According to Qube, Q ships with a range of features including: arbitrary scene rendering algorithm support, arbitrary shader program support (HLSL 2 – 4, GLSL, Cg, shader states), keyframe animation, simultaneous n-dimensional animation blending, animation state machines, multi-gigabyte texture manager, background data streaming, hierarchical LOD and scene management schemes, collision detection, network-enabled media pipeline, live editing of game content, scripting across all core and custom components, cross-platform data formats and APIs, platform-specific extended data formats and APIs, 2D and 3D audio with effects, background texture compression / decompression, user input, hardware accelerated math, Max and Maya exporters, application framework, command line tool framework, and cross-platform build.

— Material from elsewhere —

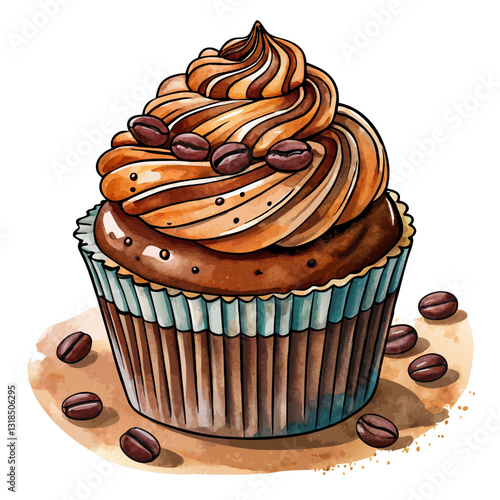 Watercolor Mocha Coffee Cupcake with Cocoa Dusting and Coffee Beans. Perfect for: Coffee shop branding, bakery menu design, caffeine lovers' desserts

Early in 2009, Qube and Brighton-based server solution company RedBedlam announced that they would bring their technologies together to produce a ‘one stop shop’ for online environments.
Clients announced include Candella Software, Asylum Entertainment, EC-I Interactive, NearGlobal, Airo Wireless, and Beyond the Void.
In effect, a prototype for the version that was to follow it was first used on the BBC's Dinosaur World (June 2001), LEGO Creator Harry Potter and the Chamber of Secrets (Sept 2002) and projects for Microsoft and Virgin Interactive.